[SOURCE DATA]
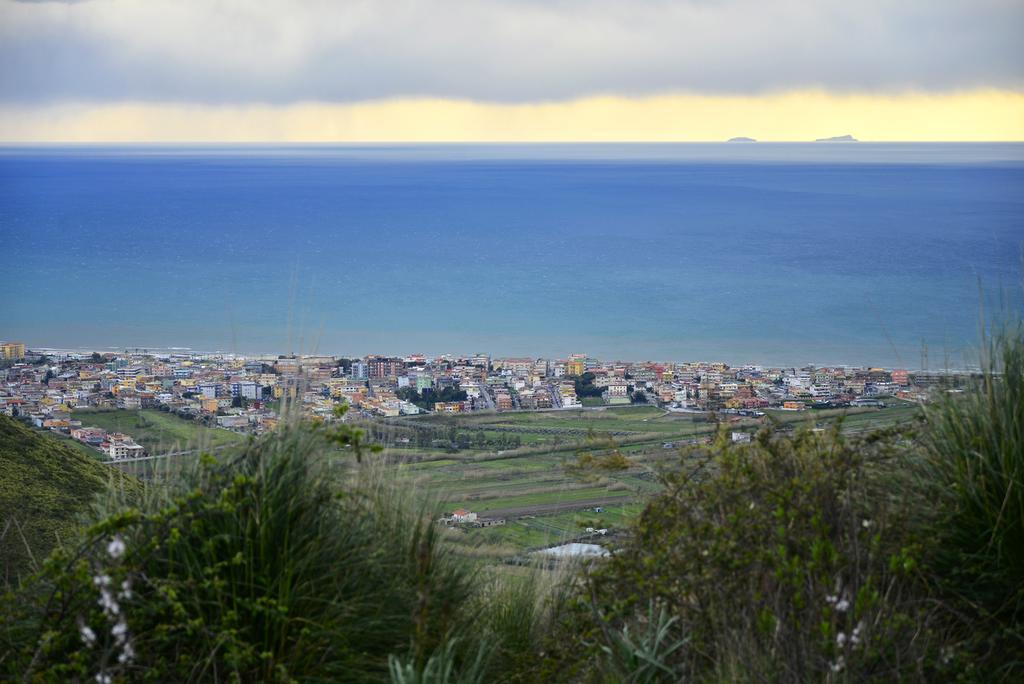 Appartamento In Villa Virginia Fino A 10 Ospiti Мондрагоне Экстерьер фото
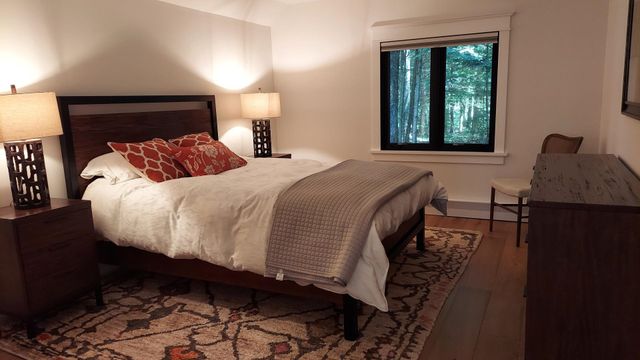 111 Hughes Lane, Jamaica, VT 05343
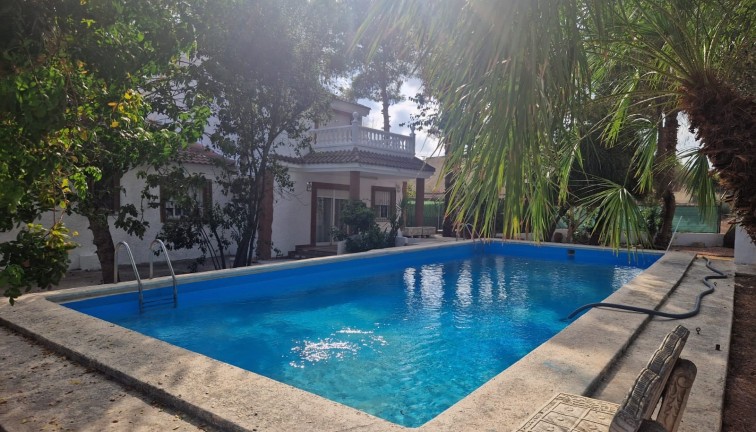 Jälleenmyynti - Erillistalo - Orihuela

[PROBLEM REQUIREMENTS]
After removing the pictures, transcribe the listing above exactly.

[RESULT OF THE EXERCISE]
 Appartamento In Villa Virginia Fino A 10 Ospiti Мондрагоне Экстерьер фото
 111 Hughes Lane, Jamaica, VT 05343
 Jälleenmyynti - Erillistalo - Orihuela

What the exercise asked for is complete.